Answering social science questions with Big Data

While discussing his own research, Slava Mikhaylov highlighted that a good way to make impact is, rather than starting with a research question, to aim to solve a problem. This was echoed by Carl Miller, who outlined some principles that Demos follow for making impact:

Look beyond academic funders – if research is funded by a government department, they’re going to have to listen to it!
Ask the right question – what is interesting to a researcher vs. a policy maker
Answer quickly – policy interests change, and research won’t make an impact if everyone’s moved on
Diversify outputs – can they be real-time, interactive, engaging?
Networking – who are the champions of big data research?

Carl emphasised that was just the approach that Demos used, and may not be appropriate for all research or audiences. He also mentioned you need to work hard in a new discipline to be responsible and transparent about what your research doesn’t do or say.

Ethics of research using Big Data

Anne Alexander differentiated between the ethics of research using big data and the ethics of doing research in a networked world.

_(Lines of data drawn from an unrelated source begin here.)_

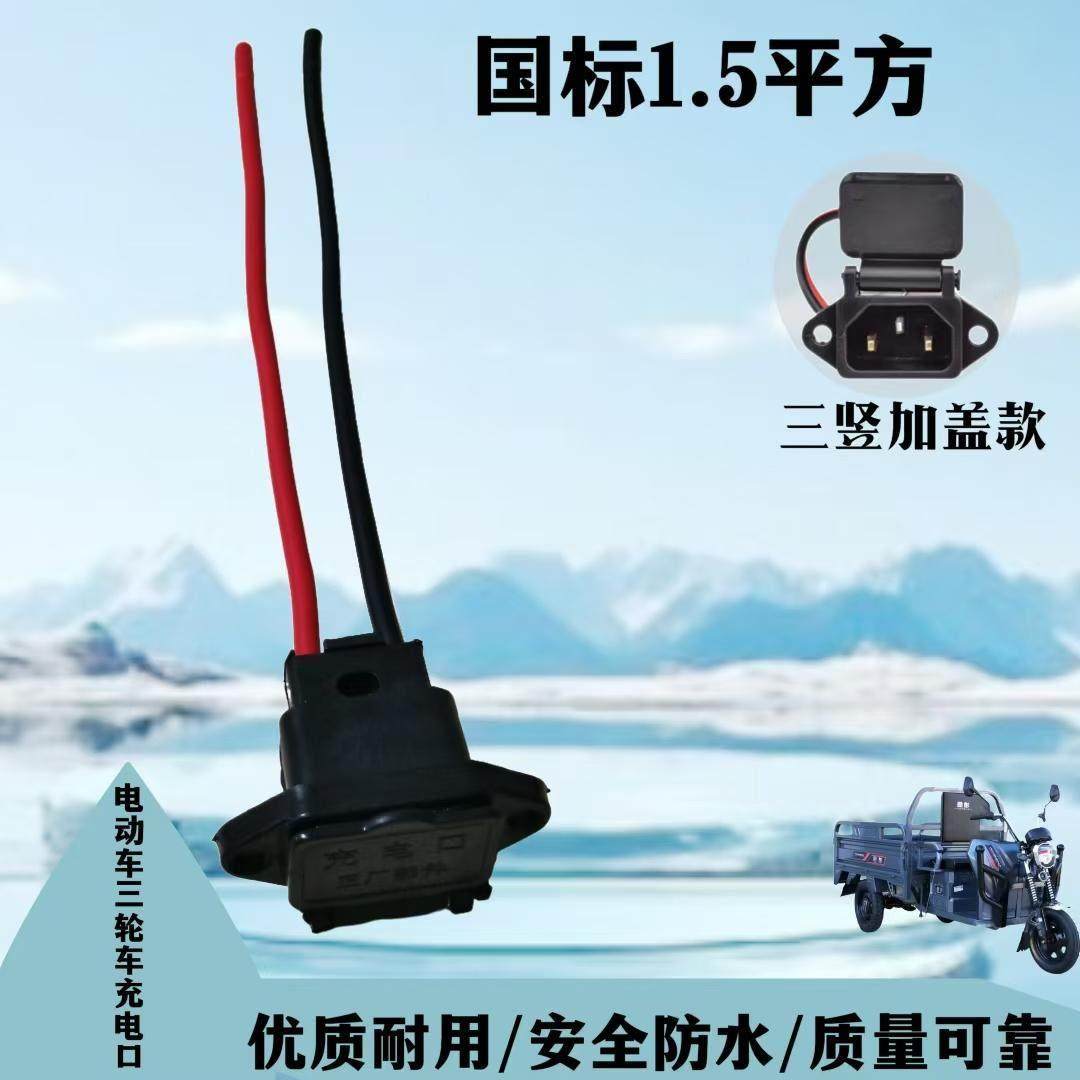电动车充电座两轮电动车充电口三轮车充电口三竖款,电动车/配件/交通工具,电动车线类,淘宝优惠券,粉丝福利购,淘宝优惠卷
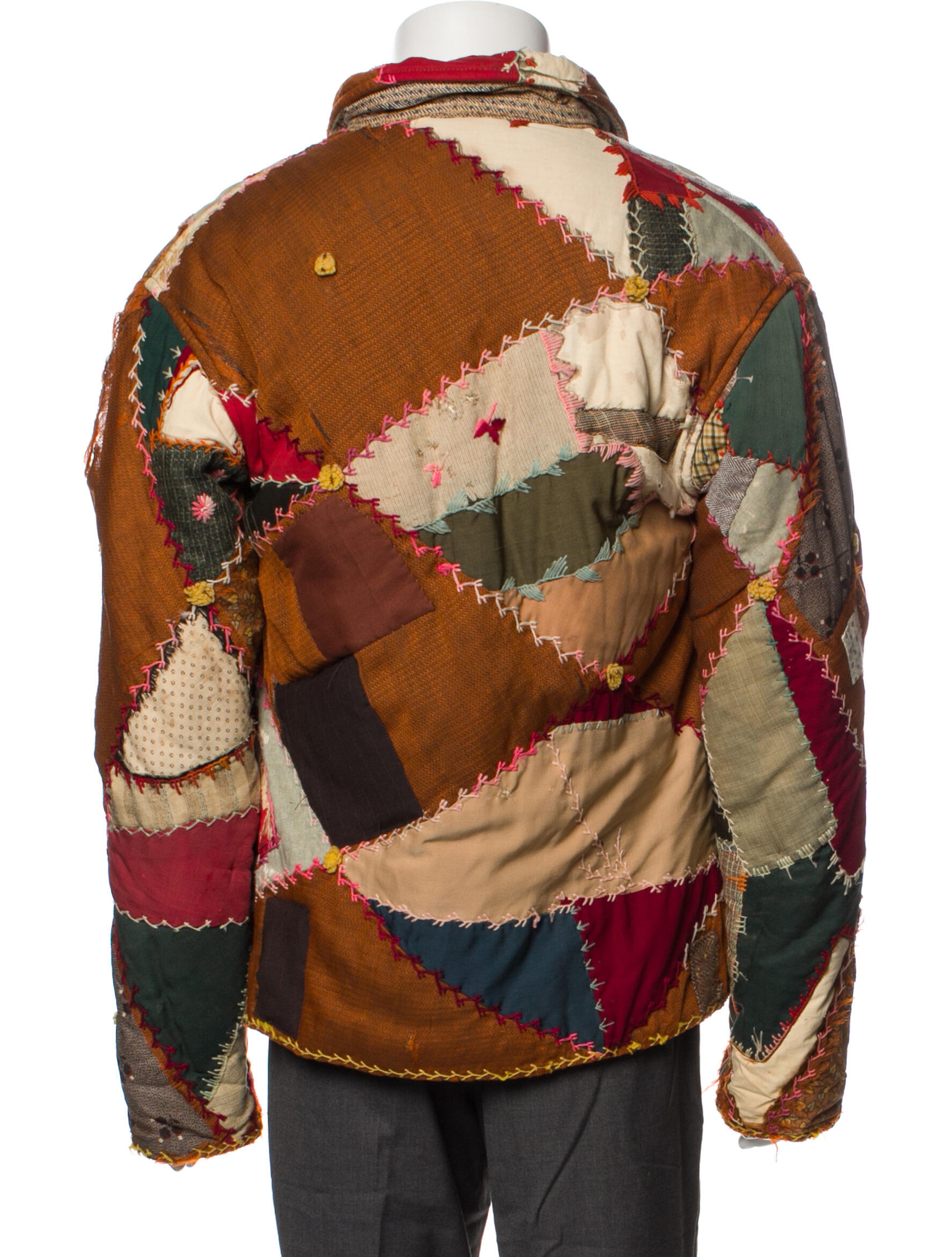Quilted Patterned Utility Jacket
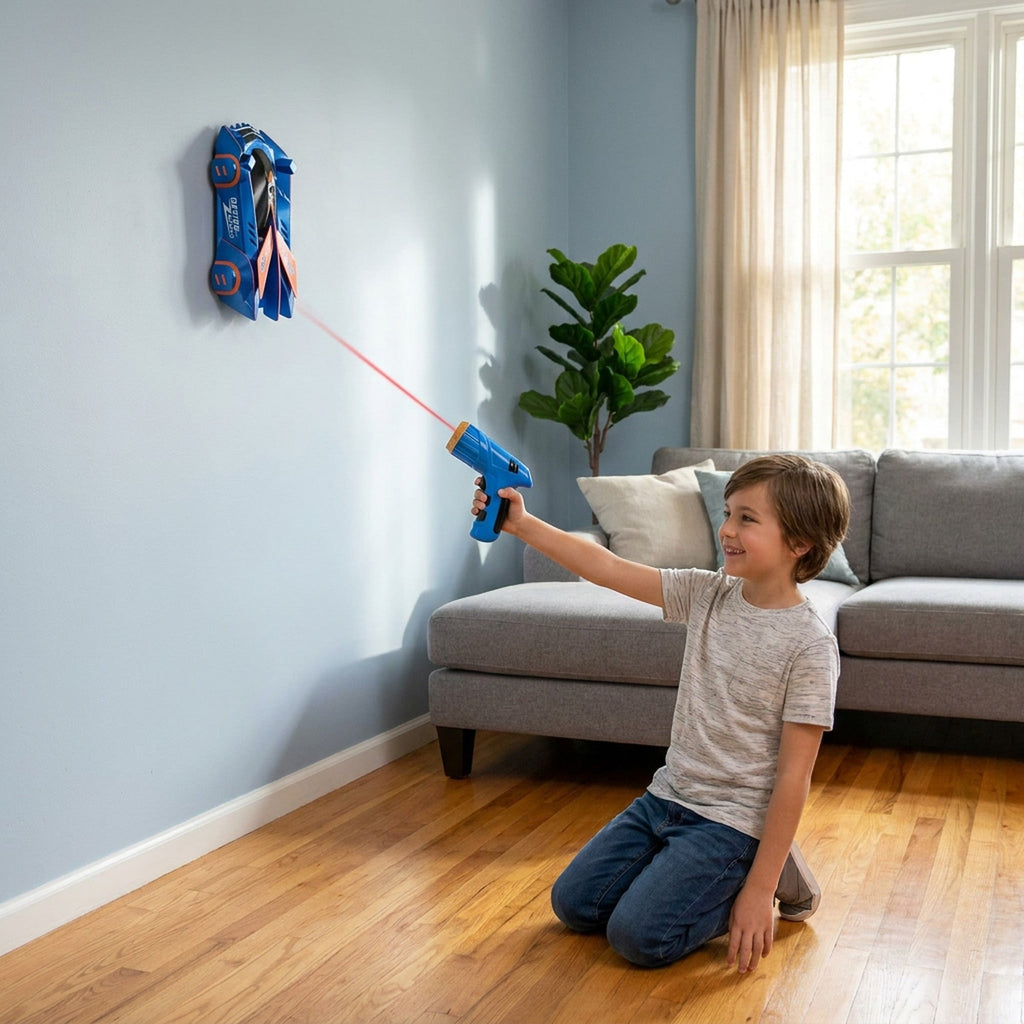 Wall Climbing Rc Car with Laser Pointer Control and USB Rechargeable Battery - Image 2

On the latter, Anne felt that there has not been enough reflection on the implications of the ‘datafication’ of human interaction, and that we need to de-mystify these processes and consider what the use of machine learning/algorithms means for society (e.g. their potential for discrimination).

Anne emphasised the need to take into consideration the public’s views on this when considering Big Data research, a point re-enforced by Steve Ginnis, whose work at Ipsos Mori on developing ethical guidelines for social media research drew on public ethics, existing industry guidelines and legal frameworks.

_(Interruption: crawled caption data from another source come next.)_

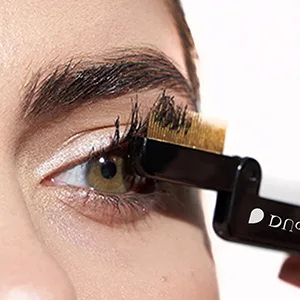 DUcare Eyelash Comb Separator Eyelashes Eyebrow Mascara Brush Applicator Eyelash Definer With Comb Cover Cosmetic Brushes Tool (Black) Duo - product information 26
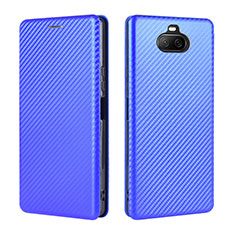 Leather Case Stands Flip Cover Holder L04Z for Sony Xperia 8 Blue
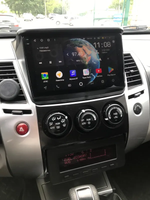 Магнитола для Mitsubishi L200, Pajero Sport 2006-2016 - Parafar PF220U2K на Android 13, QLED+2K, ТОП процессор, 8Гб+128Гб, CarPlay, 4G SIM-слот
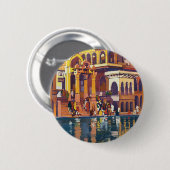 Bezoek India ~ Muttra Ronde Button 5,7 Cm (Voorkant /achterkant)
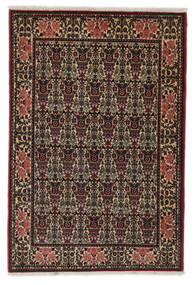  Abadeh Tæppe 100X150 Ægte Orientalsk Håndknyttet Sort/Mørkebrun (Uld, Persien/Iran)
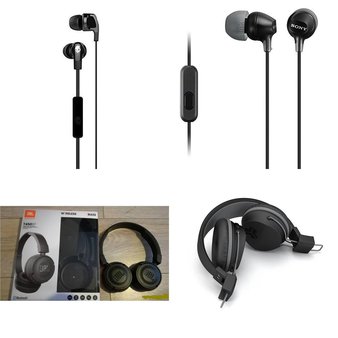 54 Pcs – Headphones & Portable Speakers – Refurbished (GRADE A, GRADE B) – Heyday, Sony, Skullcandy, JLab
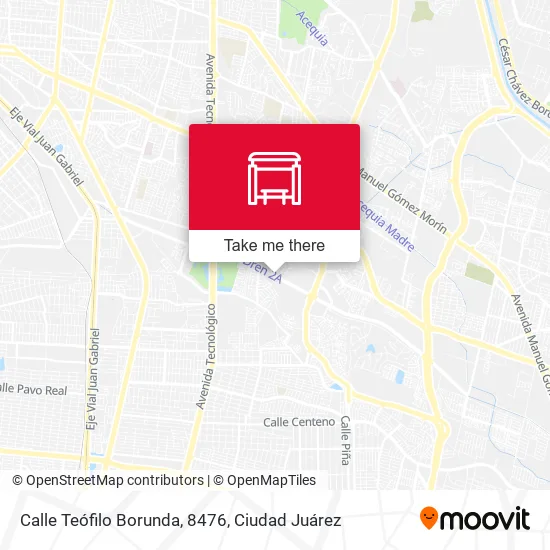 Mapa de Calle Teófilo Borunda, 8476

Steve’s research identified that the public both have low awareness of, and are not keen on, their social media data being used for research. This was not just due to concerns about privacy/anonymization – people were uncomfortable with being profiled and its possible implications.

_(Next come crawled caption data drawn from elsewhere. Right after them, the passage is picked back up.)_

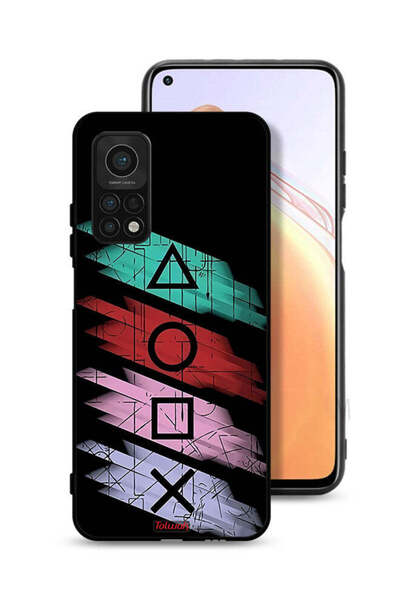 Tolwak غطاء حماية لهاتف Xiaomi Mi 10T Pro 5G برسومات أيقونات لعبة الحبار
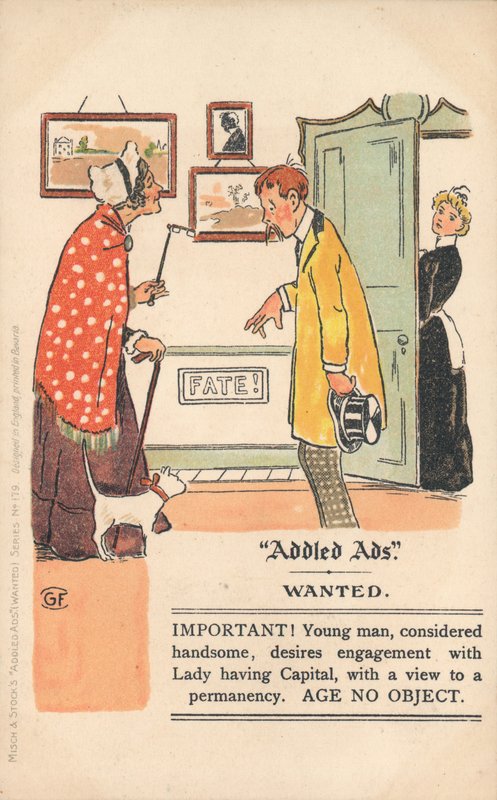 Addled Ads vykort av English School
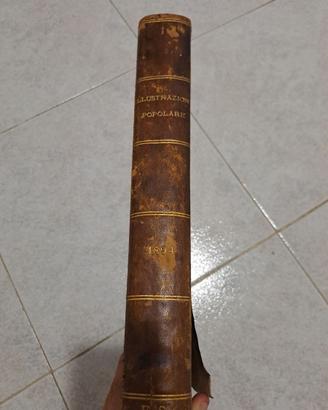 LIBRO 1894 ILLSTRAZIONE POPOLARE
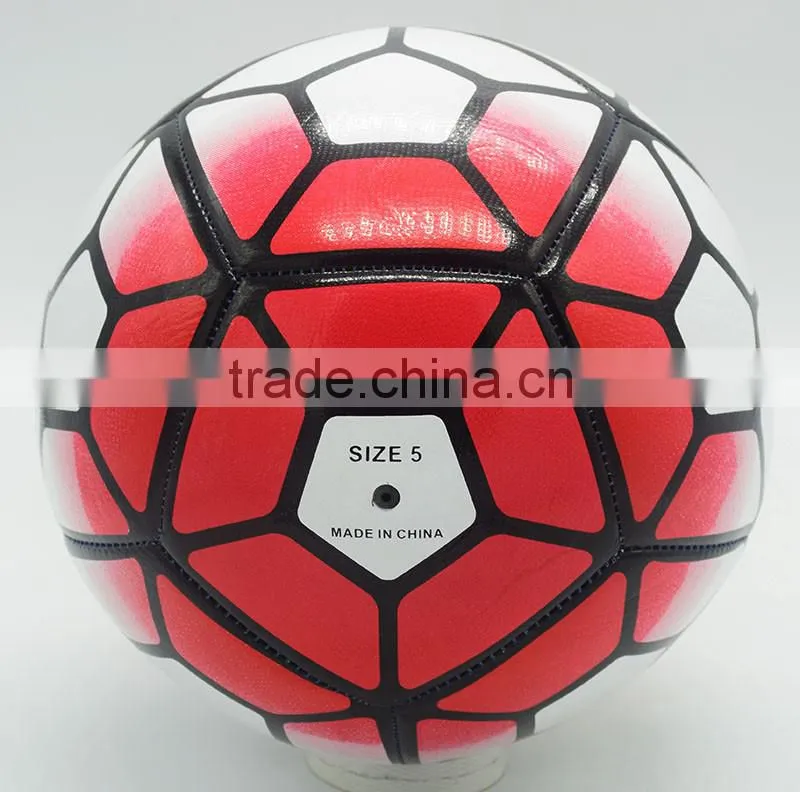 Custom Design Machine Stitched Size 5 PVC Football Ball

That said, participants were willing to weigh up the risks and benefits, and context (who is doing the research and why) was important. Nonetheless, the ‘fundamentals’ (consent, what information, anonymization, etc.) played a much larger role in whether they felt research using social data was appropriate.

Both Anne & Steve emphasised that ethics is an ongoing process, not a one-off event at the start of a project – they need to be considered at the collection, analysis and publication stages of the research cycle.

Some concluding thoughts

Carl Miller identified that in the context of pressure for evidence-based policy, digital by default, and the open data initiative, there has never been a better time for social scientists to make impact with big data research.

Wednesday’s session demonstrated how far big data analysis in the social sciences has come over recent years and it is impressive to hear how much work has been put into developing the tools and methods to mould this rich, but novel, form of data into social insights.

However, the session also showed that there are number of areas that still need to be addressed if we are to make the most of big data:

Access to large data sets continues to be an issue, be they proprietary, public, or administrative. We need to bargain collectively to talk to large, often global, actors and argue for academic access.
There is a skills gap among social scientists for analysing big data, and support is needed to help develop the required methodological and programming skills.
The interdisciplinary working required for big data analysis can be challenging, and we need to work to enable effective collaboration.
Developing an ethical approach to big data analysis is challenging given its novelty, variety, and changing nature. Any framework needs to provide practical guidance to researchers while remaining flexible and responsive to changing contexts.
Available tools for big data analysis can be expensive, lack transparency, or inappropriate for social science research. A maintained central library of available tools, with appropriate documentation and guidance could be extremely useful.